╭─ AVAILABLE DATA

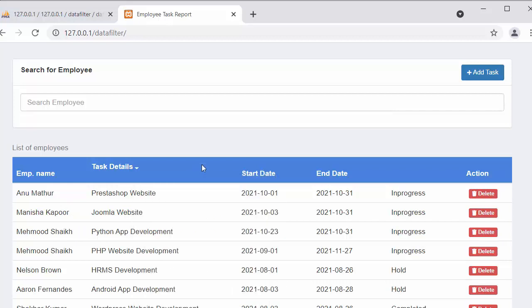This is everything about loading the task details from the MySQL table. If you like this video, click the Like button, share it with your friends, don't forget to subscribe to this channel, and thanks for watching.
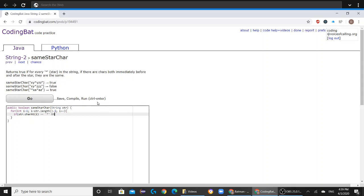and str.charAt(i minus 1) is not equal to str.charAt(i plus 1),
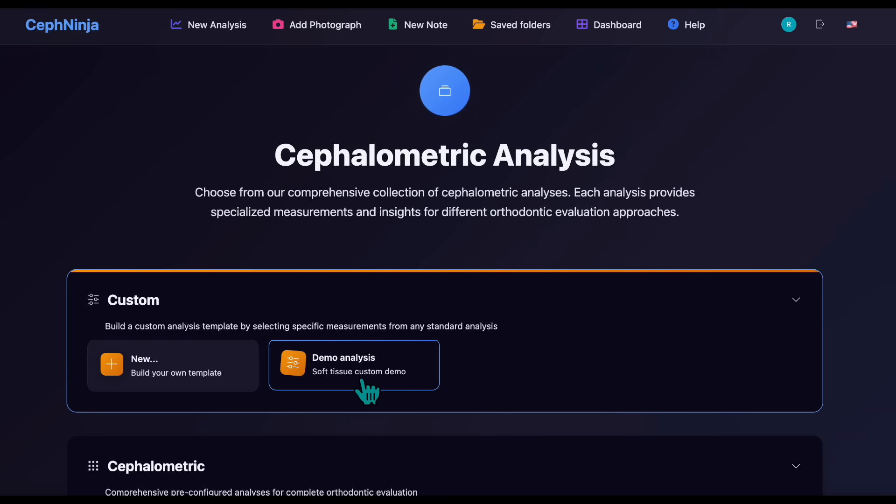Custom analyses can be edited or deleted from the My Account section of the software.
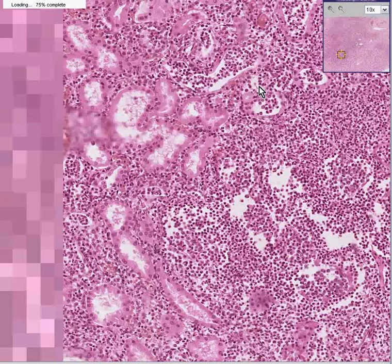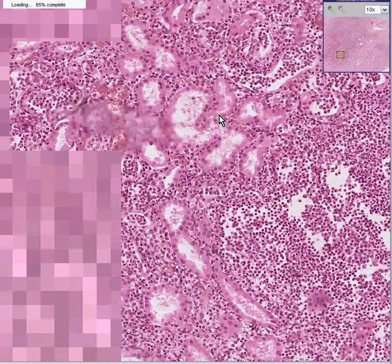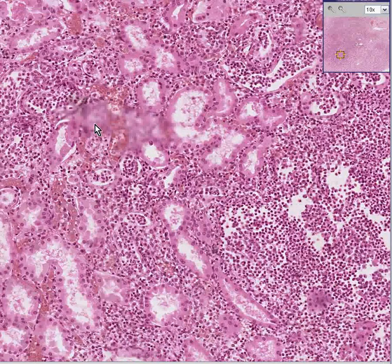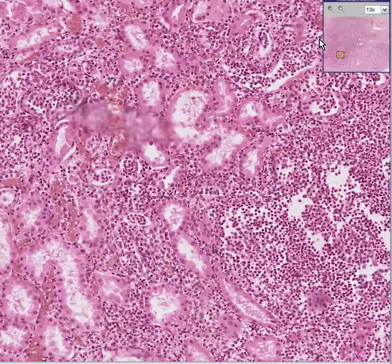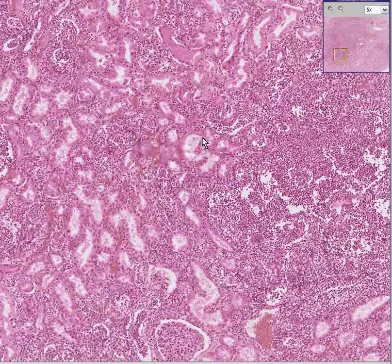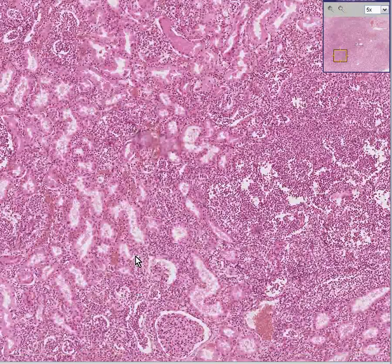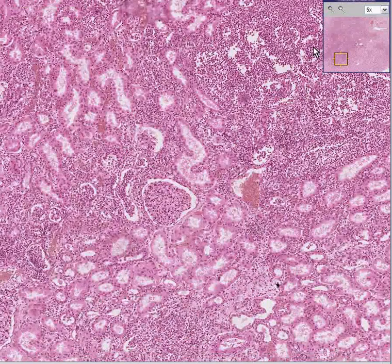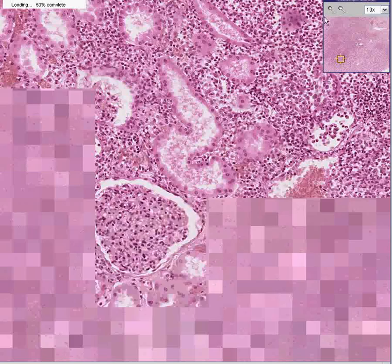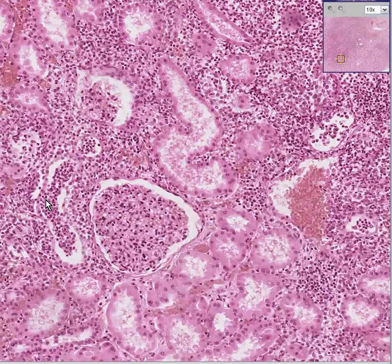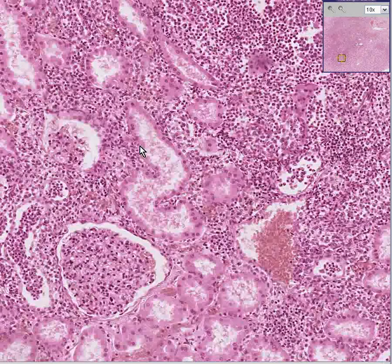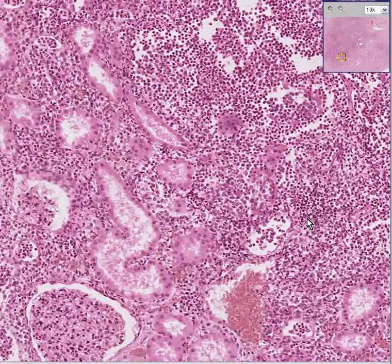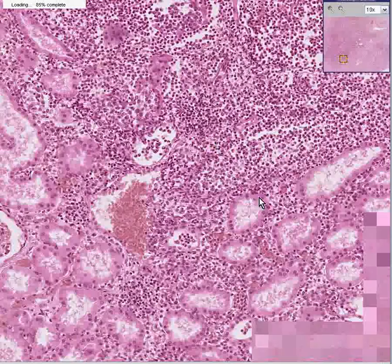Notice that in every area that you can see a glomerulus, they actually look pretty good. And let's go to one, like here. But notice that the primary process here is involving these tubules, like here.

╰─

Would you mind transcribing the material exactly, without the pictures?

#### RESULT OF THE TASK:
This is everything about loading the task details from the MySQL table. If you like this video, click the Like button, share it with your friends, don't forget to subscribe to this channel, and thanks for watching.
and str.charAt(i minus 1) is not equal to str.charAt(i plus 1),
Custom analyses can be edited or deleted from the My Account section of the software.
Notice that in every area that you can see a glomerulus, they actually look pretty good. And let's go to one, like here. But notice that the primary process here is involving these tubules, like here.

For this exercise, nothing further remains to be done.